Scientists have discovered a peculiar supernova that may have arisen when a star attempted to engulf a black hole. This instance, set to be published in The Astrophysical Journal, indicates that large stars could explode not just because of aging but also due to significant spatial collisions. The supernova, designated SN 2023zkd, was detected using an AI algorithm associated with a Slack bot, which monitors for rare explosions in real-time. This instrument enabled astronomers to organize telescope observations prior to the explosion dimming. V. Ashley Villar, an astronomy professor at Harvard, remarked that AI has been utilized for years to filter through data, particularly with robotic telescopes recognizing numerous flickering lights each night. Generative AI, which adapts through data, is becoming increasingly beneficial. Villar indicated that their research team merges astrophysical expertise with AI systems to categorize stellar explosions and pinpoint new systems like 2023zkd.
The explosion, located roughly 730 million light-years away from Earth, was initially detected in July 2023 by the Zwicky Transient Facility. This occurrence was notable because it exhibited two flashes of light, separated by eight months, and the source had been brightening prior to detonating. Black holes, once a theoretical notion, are now well-recognized in the field of astronomy. Stellar black holes arise when a massive star concludes its life in a supernova, collapsing into a compact object from which no light can escape. Black holes possess an “event horizon,” a threshold beyond which anything crossing it is ensnared by gravity.
Researchers believe that a star’s effort to devour a black hole instigated this peculiar supernova, according to a study by the Harvard & Smithsonian Center for Astrophysics and MIT. The most straightforward scenario is that a helium-rich star orbiting closely with a black hole initiated the supernova when they began to merge. The AI tool identified the event months before its unusual activity manifested. Alexander Gagliano, one of the authors of the paper, clarified that the gravitational forces of the star and black hole led to the black hole being “consumed” by the star’s hot gas, resulting in the star’s destruction.

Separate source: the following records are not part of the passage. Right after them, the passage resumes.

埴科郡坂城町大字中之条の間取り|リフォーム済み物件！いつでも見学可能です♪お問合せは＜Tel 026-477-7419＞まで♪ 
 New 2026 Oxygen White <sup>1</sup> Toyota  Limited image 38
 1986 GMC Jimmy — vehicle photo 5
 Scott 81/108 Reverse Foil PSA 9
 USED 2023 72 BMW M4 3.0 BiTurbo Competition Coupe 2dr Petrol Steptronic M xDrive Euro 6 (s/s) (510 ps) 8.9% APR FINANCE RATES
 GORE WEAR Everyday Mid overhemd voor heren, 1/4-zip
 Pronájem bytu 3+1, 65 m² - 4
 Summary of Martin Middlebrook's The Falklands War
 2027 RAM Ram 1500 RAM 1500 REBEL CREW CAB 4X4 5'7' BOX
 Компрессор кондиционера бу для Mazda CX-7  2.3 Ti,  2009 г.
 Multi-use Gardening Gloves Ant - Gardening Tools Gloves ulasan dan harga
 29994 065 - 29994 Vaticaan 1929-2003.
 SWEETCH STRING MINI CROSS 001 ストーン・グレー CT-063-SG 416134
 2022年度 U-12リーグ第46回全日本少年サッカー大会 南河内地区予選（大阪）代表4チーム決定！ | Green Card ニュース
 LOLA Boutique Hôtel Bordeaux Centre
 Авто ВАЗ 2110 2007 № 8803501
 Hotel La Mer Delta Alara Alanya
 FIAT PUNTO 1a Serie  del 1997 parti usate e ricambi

The LAISS AI tool functions by examining supernova features and characteristics of host galaxies to detect statistically abnormal events. Approximately half of the flagged supernovas are genuinely uncommon, whereas others are active supermassive black holes, which are not the researchers’ area of interest. The forthcoming Vera C. Rubin Observatory will necessitate more innovative methods for data categorization. Villar noted a shift toward contemporary AI techniques to extract features from supernova galaxy imagery. The LAISS tool can also cluster similar supernovas utilizing ANNOY, a Spotify algorithm that proposes astronomical occurrences instead of music tracks. When a massive star undergoes a supernova due to its interaction with a black hole, a larger black hole remains, according to Gagliano.